The UK Institute of Directors (IoD) said that the recent corporate failures have highlighted the need to review of the purpose of the statutory audit and how it is overseen by the regulator in its response to the ongoing review into the FRC.

This review was launched in April by the government, and led by Sir John Kingman. The review is due for completion at the end of 2018 and will assess the FRC on issues such as governance, impact and their powers to ensure that it is transformed and ready for the future.

The IoD has said an independent Corporate Governance Commission should be established. The purpose of this would be to oversee the UK’s corporate governance framework so that the FRC could solely focus on its core task of improving company audits.

In its submission to the Department for Business, Energy and Industrial Strategy consultation on the independent review of the FRC, the business group proposed that the UK’s governance and stewardship codes be administered by an independent body with close links to business and investors, rather than simply being an ‘add on’ to an accounting regulator.

The IoD added that the new commission would engage with the industry to create a greater accountability and transparency of the UK’s corporate governance framework.

This would transform the UK Corporate Governance Code, it said, making it more transparent with clearer lines of accountability, rather than being subsumed by a large regulator whose corporate governance is just one concern amongst many.

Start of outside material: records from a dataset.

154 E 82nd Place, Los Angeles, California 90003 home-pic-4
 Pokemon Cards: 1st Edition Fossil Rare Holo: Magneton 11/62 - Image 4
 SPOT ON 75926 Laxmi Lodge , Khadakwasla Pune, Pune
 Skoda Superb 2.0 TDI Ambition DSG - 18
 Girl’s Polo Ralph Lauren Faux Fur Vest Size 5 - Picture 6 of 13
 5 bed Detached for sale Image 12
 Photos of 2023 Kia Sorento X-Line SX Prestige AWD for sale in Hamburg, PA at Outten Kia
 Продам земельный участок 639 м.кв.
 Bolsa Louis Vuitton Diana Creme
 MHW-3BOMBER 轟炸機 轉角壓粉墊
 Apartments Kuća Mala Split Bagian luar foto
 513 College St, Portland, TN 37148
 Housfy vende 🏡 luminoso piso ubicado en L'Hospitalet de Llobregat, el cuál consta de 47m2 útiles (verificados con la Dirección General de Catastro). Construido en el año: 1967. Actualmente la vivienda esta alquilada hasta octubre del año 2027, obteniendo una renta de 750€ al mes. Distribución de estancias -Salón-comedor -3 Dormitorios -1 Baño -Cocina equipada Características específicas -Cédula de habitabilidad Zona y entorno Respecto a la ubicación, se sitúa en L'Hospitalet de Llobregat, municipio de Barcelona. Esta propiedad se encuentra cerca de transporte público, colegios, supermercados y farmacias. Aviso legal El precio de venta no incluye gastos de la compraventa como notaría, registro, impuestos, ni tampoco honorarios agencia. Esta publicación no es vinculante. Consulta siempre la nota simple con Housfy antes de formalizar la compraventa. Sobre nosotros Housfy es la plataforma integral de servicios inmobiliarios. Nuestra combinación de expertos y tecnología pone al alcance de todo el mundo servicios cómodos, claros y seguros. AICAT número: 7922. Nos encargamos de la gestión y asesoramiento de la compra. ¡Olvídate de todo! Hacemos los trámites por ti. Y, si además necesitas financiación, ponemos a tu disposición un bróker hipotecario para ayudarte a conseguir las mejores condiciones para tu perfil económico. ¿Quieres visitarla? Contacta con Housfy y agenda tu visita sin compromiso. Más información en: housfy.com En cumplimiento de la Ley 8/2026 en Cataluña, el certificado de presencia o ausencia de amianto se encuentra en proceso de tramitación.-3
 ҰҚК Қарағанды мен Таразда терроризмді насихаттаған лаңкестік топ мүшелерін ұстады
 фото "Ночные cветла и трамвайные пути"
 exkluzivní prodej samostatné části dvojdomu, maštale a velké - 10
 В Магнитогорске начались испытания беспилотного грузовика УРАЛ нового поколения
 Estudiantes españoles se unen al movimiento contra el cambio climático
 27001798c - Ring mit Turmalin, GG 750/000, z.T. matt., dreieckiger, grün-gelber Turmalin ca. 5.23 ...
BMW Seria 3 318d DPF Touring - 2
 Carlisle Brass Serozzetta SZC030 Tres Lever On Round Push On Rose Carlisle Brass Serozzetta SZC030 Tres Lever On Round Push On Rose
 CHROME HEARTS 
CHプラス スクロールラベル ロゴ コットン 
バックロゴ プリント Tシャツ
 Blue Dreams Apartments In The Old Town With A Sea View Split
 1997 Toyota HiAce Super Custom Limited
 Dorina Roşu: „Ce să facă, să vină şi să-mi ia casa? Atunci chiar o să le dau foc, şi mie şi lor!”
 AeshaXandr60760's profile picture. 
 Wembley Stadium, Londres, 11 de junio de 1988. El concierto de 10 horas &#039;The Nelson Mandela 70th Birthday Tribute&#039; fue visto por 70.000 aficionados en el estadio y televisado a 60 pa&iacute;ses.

IoD’s head of corporate governance Dr Roger Barker commented: “The FRC has for many years done a good job acting as the keeper of the UK’s corporate governance code, but we feel its centralised decision-making structure is not conducive to the differing regulatory approaches needed for governance and stewardship on the one hand, and statutory audit on the other. There must be a clear distinction between being robust on audit quality, while continuing to nurture the UK’s much admired principles-based corporate governance regime.”

Furthermore the IoD has also proposed an industry led professional standards board who will be tasked with the upholding high standards of director competence and continuing professional development.